Good move Op. I deleted the app from my phone (And stopped using) Facebook about 5 years ago. I just found it had become annoying and was really adding to my anxiety. I got some “where have you gone?” comments and also some “why haven’t you accepted a friend request?” etc comments. I am quite straight to the point with it now - “I don’t DO Facebook” “Facebook got on my nerves, and my account is frozen in time (as of 5 years ago) as I need to get all my pics off there. I don’t access it or check it, and feel that true friends will have my mobile number, address and be in contact with me anyway without Facebook”. I haven’t missed it and you won’t either. Good Luck

jaxhwc · 26/05/2018 23:16

What stinky wink said, good advice Smile

LighthouseSouth · 26/05/2018 23:34

My boss made a comment the other day which I found striking

She said she feels as if there's so much pressure to confirm to social norms, when you do something that's a positive thing for you, if it's slightly outside a social norm, then people assume it's a bad sign about your mental health when actually it's a good one.

I know what she means.

museumum · 27/05/2018 08:10

The messages you’ve quoted really don’t sound angry at all. Please don’t dread bumping into these people. The one you quoted from WhatsApp just sounded like she wanted to clarify what the rules were you wanted her to follow (because it’s quite a subtle difference to understand she’s allowed to send you a text message but not a WhatsApp message).

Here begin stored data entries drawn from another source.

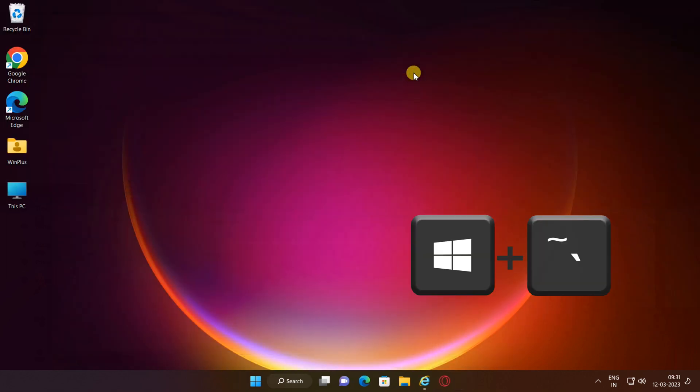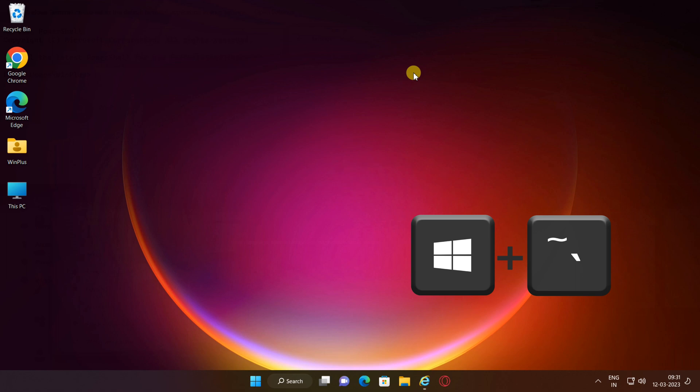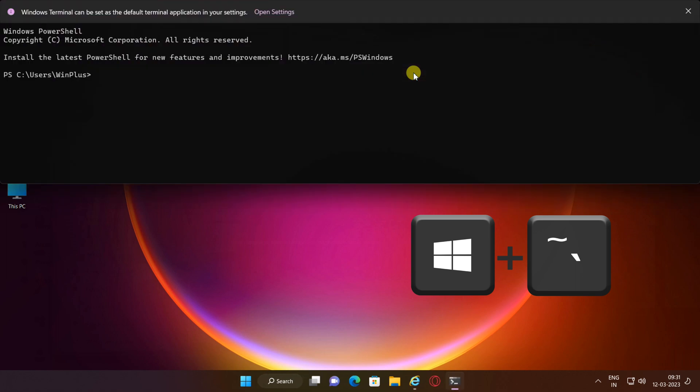Once the Windows Terminal is in Quake mode, you can hide it by pressing Win plus Back Quote. It remains active but is hidden off screen.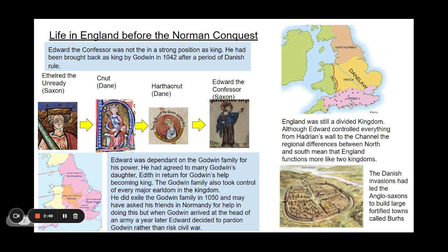England is still quite a divided kingdom. In theory, Edward the Confessor controlled everything from Hadrian's Wall to the Channel. But there are regional differences between north and south, particularly in the functions of the Danelaw. The south functioned as Edward's kingdom, while the north followed its own customs and had powerful northern earls. The Danish invasions had led the Anglo-Saxons to build large burhs — fortified towns — which were very important, as they were still in danger of Danish invasion. The burhs sit mostly around Wessex; in the north we see very few, showing Edward's power was limited.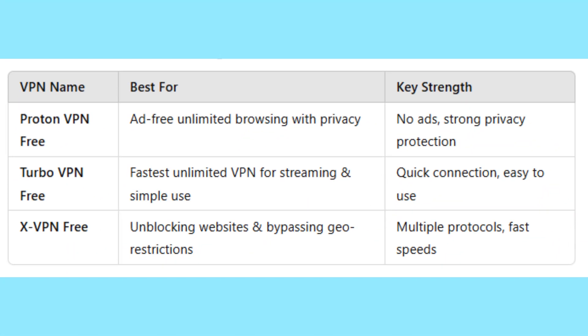Which VPN should you choose? ProtonVPN Free is perfect for ad-free unlimited browsing with privacy in mind. TurboVPN Free is the fastest unlimited VPN for streaming and simple use. XVPN Free is great for unblocking websites and bypassing geo-restrictions. Which free VPN with unlimited data will you try first? Let me know in the comments.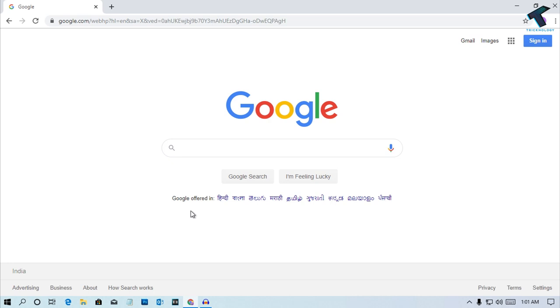Without wasting any more time, let's get started. At first you need to open your Google Chrome and after that you have to click on this right side corner three dot button.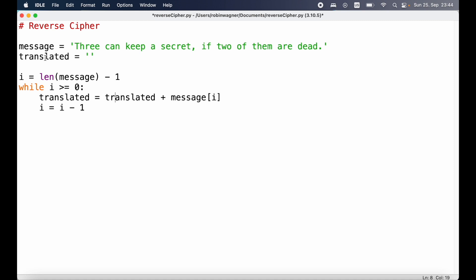Specifically we are going to make an adjustment to our translated variable, which is an empty string initially, and we are going to add something to the end of it. We are going to take characters of message — not the entire string but individual characters — and to reference those we can use indexing. We need to reference the index, and as we learned, the index is zero-based, meaning we start counting from zero. That's also why we subtract one from the len result — because if we want to reference an index we need to subtract one since we start counting from zero. The variable i corresponds to the index of the very last character, and we're going to take that and add it to our string.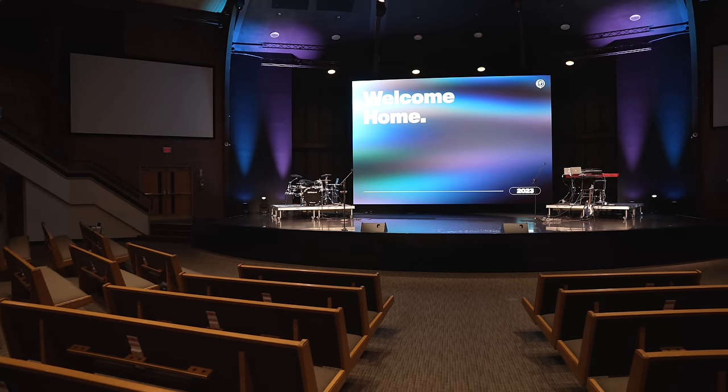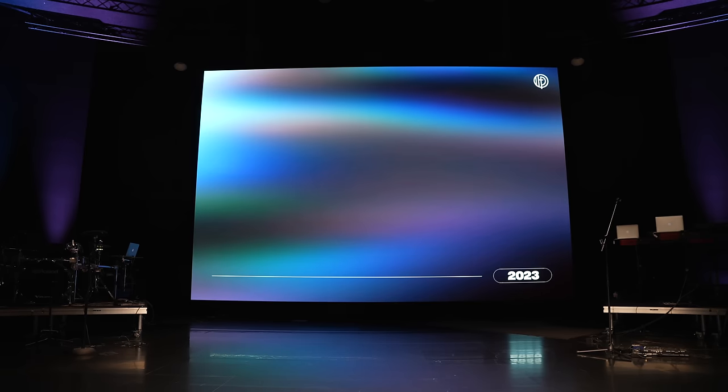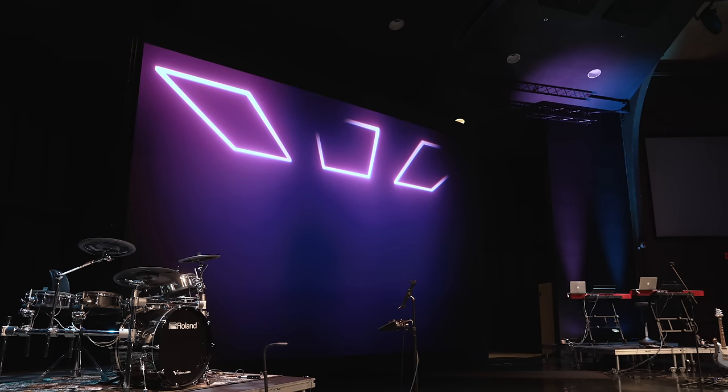LED walls are an incredible tool for churches. Not only can you throw content on them like videos or lyrics for worship, but they also function as a major part of your stage design, and you can instantly change the look of your stage within seconds. But LED walls can be kind of intimidating if you're looking at getting one for the first time — there's lots of jargon and it can be an overwhelming process.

Chingchok · 27/05/2018 09:24

I have had a similar experience. Stopped checking FB over Christmas and then deleted the app along with Messenger. Meaning that while I could log into Facebook via safari on my phone, I rarely did, and actually couldn’t read the messages without having the Messenger app. Haven’t deleted my account nor made any big announcement but several people are upset by it. I still use iMessage and WhatsApp and email, and have to consciously contact people. I also did it for my mental health, and because I wanted to leave several message groups that were becoming toxic to me. I am so much happier, have so much free headspace, and read books again during journeys or in the evening. My child was also very bothered by the fact that I have shared photos of him over the years, and I stopped that a long time ago. It’s hard sometimes because a lot of friends live so much through FB that they assume I know about things in their lives, when I don’t. It means making more of an effort to meet up physically. But it also means that it’s really hard to stay in touch with the dozens of friends i have all over the world (long term expat). But I focus more on close friends and family. There’s less passive catching up, it has to be active. Despite the negatives, I wouldn’t change it and don’t want to go back. But like you, I was surprised at the depth of feeling. Like we haven’t rejected FB, but have rejected our friends.